I am a Florida legal document preparer and the statewide Director of the Florida Association of Legal Document Preparers (FALDP). I am not a paralegal. By definition, paralegals work directly under the supervision of an attorney, I do not. I work directly for consumers who are representing themselves in a court case. Self-represented consumers are called pro se litigants. I call these consumers customers. I don't call them clients, mostly because that's what attorneys call their customers, and I don't want to be anything like or run my business anything like an attorney.

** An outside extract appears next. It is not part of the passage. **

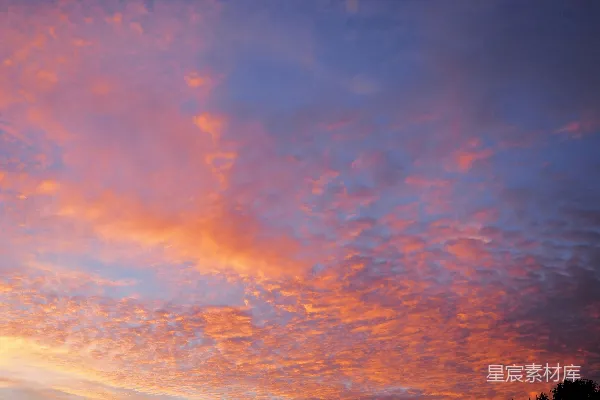 高清摄影 夕阳下，天空中飘浮着粉色和橙色的云朵。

In fact, I go to great pains to not operate like an attorney. Most importantly, I don't give legal advice. My customers always know that I'm not an attorney. In fact, they cannot avoid knowing that I'm not an attorney. My business is virtual, everything I do is over the phone and over the internet. I never meet with my customers face to face. In the first telephone conversation I have with any new or potential customer, I say: As you probably know, I'm not an attorney, I'm a Florida legal document preparer. And what that means is I can prepare documents, explain procedure, and give you legal information, but I cannot provide advice or representation. Frequently I have to interrupt my new or potential customer to get those words said.
The potential customer called with a question. They almost always begin the conversation with – I have a question. After I say my thirty second speech, I then say – and I'll answer your question as I can. They they ask the question, which frequently begins with – how much would you charge – for whatever it is that they need.
I listen to what they need, may ask a few questions for clarity, and then tell them what I charge. This is not called a consultation and is especially not called a “free consultation” although that is exactly what it is. It is called a conversation. Document preparers are specifically prohibited from offering free consultations according to Florida case law which found that a “free consultation” is something that an attorney offers and does, and document preparers are not allowed to offer or do free consultations because a free consultation amounts to the unauthorized practice of law (UPL). Go figure. So its called a conversation.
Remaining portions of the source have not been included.